What you should do: Below are several entries. Transcribe exactly those lines that fall from the one with "My study delves" through the one with "So that's it", end lines included.

------------------------------------------------------------

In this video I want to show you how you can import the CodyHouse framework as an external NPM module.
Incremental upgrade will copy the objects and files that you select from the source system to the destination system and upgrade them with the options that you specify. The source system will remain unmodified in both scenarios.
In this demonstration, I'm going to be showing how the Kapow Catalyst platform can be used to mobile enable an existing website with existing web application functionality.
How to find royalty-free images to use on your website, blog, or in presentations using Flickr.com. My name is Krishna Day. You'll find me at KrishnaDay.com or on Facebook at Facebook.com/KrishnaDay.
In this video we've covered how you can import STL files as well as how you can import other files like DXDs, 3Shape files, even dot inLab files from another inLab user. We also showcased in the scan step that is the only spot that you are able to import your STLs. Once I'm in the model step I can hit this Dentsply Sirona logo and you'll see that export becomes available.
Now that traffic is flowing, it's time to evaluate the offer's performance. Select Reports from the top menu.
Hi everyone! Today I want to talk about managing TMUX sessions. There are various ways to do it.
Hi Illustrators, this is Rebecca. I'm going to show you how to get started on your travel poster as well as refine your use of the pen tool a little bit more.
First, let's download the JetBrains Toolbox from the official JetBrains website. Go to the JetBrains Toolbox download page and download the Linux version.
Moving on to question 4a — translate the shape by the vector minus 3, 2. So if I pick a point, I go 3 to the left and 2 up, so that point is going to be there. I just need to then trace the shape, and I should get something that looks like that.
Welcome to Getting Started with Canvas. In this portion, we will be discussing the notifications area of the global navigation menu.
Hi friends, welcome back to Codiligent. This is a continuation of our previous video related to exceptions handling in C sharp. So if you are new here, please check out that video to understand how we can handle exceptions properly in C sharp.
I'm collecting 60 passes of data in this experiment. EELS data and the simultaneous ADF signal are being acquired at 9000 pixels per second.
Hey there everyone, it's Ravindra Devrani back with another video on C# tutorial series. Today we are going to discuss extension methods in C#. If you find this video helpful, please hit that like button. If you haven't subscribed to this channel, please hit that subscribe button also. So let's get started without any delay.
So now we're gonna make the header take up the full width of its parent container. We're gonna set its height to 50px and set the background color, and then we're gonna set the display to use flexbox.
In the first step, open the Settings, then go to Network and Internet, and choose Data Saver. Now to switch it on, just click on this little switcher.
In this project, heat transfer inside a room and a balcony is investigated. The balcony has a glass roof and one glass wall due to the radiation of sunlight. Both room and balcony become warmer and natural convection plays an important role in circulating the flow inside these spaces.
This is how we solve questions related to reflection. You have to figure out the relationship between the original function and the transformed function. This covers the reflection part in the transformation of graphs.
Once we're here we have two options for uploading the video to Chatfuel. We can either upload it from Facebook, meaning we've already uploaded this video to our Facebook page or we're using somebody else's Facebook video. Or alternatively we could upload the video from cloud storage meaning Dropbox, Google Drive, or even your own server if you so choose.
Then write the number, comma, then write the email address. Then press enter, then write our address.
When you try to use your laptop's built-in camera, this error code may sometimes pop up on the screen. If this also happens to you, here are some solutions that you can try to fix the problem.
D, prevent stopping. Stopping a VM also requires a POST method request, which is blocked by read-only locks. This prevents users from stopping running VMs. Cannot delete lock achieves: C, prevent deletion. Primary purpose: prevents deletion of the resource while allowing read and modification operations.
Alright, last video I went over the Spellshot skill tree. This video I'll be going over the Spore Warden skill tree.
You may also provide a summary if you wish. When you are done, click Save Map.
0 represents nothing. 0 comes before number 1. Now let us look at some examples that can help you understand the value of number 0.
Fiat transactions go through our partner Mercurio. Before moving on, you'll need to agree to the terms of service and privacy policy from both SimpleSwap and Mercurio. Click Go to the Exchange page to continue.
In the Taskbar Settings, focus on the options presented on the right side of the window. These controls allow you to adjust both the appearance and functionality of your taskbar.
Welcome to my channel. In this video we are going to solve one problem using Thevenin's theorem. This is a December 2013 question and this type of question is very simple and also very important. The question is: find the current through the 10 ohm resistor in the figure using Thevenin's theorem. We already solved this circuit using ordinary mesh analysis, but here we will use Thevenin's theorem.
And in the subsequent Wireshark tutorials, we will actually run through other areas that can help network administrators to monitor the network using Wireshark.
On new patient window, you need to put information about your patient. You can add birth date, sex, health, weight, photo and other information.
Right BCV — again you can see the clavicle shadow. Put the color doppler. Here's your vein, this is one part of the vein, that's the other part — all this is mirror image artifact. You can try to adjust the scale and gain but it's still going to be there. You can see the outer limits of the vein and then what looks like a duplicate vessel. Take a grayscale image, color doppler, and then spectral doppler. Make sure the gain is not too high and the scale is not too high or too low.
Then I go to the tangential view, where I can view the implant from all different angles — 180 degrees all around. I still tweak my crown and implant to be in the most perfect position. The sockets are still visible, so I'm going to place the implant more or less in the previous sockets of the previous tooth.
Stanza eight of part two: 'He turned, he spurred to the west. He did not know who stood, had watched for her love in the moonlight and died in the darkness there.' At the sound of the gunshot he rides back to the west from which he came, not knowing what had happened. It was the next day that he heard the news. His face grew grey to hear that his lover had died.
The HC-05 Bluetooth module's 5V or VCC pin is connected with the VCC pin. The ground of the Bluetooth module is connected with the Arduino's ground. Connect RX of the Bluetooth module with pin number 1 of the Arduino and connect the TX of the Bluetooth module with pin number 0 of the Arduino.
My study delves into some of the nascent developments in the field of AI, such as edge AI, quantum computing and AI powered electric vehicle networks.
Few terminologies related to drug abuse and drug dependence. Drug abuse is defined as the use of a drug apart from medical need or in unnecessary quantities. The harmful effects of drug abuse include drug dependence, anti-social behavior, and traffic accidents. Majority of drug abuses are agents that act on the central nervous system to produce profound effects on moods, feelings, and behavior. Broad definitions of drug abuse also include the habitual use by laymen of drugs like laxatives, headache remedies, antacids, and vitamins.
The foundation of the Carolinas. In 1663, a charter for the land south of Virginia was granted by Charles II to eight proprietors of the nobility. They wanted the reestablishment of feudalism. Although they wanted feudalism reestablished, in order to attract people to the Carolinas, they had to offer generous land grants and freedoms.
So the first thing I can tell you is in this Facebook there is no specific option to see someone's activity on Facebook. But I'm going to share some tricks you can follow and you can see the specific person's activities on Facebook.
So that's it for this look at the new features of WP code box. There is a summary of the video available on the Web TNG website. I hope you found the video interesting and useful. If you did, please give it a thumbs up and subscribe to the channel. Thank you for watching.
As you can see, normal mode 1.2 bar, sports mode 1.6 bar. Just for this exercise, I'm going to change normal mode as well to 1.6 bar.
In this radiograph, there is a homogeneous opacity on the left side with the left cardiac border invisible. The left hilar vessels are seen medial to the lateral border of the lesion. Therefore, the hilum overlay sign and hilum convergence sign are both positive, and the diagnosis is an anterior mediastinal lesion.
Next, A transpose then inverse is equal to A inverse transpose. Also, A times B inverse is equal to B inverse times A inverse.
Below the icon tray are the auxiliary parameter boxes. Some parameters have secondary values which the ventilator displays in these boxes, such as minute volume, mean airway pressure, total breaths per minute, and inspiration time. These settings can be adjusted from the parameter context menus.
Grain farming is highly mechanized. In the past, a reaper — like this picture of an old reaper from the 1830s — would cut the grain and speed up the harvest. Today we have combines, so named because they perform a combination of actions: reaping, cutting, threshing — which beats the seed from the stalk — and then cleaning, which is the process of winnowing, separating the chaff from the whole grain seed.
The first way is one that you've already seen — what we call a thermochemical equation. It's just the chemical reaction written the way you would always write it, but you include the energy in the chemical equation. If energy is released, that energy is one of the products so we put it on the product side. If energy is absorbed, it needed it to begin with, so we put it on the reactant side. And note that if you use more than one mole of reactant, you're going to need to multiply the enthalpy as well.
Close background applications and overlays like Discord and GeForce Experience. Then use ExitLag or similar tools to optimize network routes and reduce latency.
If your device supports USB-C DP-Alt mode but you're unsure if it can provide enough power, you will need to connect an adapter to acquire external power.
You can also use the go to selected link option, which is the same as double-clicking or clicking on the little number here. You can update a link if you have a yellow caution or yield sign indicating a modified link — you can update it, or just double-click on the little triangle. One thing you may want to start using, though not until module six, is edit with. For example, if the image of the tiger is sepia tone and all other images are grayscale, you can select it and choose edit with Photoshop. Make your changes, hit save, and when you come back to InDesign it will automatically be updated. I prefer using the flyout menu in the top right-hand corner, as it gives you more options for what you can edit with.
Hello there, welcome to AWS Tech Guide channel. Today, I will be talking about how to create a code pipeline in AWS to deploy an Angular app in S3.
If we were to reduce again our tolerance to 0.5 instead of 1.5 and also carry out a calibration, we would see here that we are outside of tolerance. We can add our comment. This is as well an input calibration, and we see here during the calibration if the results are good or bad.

------------------------------------------------------------

Answer section:
My study delves into some of the nascent developments in the field of AI, such as edge AI, quantum computing and AI powered electric vehicle networks.
Few terminologies related to drug abuse and drug dependence. Drug abuse is defined as the use of a drug apart from medical need or in unnecessary quantities. The harmful effects of drug abuse include drug dependence, anti-social behavior, and traffic accidents. Majority of drug abuses are agents that act on the central nervous system to produce profound effects on moods, feelings, and behavior. Broad definitions of drug abuse also include the habitual use by laymen of drugs like laxatives, headache remedies, antacids, and vitamins.
The foundation of the Carolinas. In 1663, a charter for the land south of Virginia was granted by Charles II to eight proprietors of the nobility. They wanted the reestablishment of feudalism. Although they wanted feudalism reestablished, in order to attract people to the Carolinas, they had to offer generous land grants and freedoms.
So the first thing I can tell you is in this Facebook there is no specific option to see someone's activity on Facebook. But I'm going to share some tricks you can follow and you can see the specific person's activities on Facebook.
So that's it for this look at the new features of WP code box. There is a summary of the video available on the Web TNG website. I hope you found the video interesting and useful. If you did, please give it a thumbs up and subscribe to the channel. Thank you for watching.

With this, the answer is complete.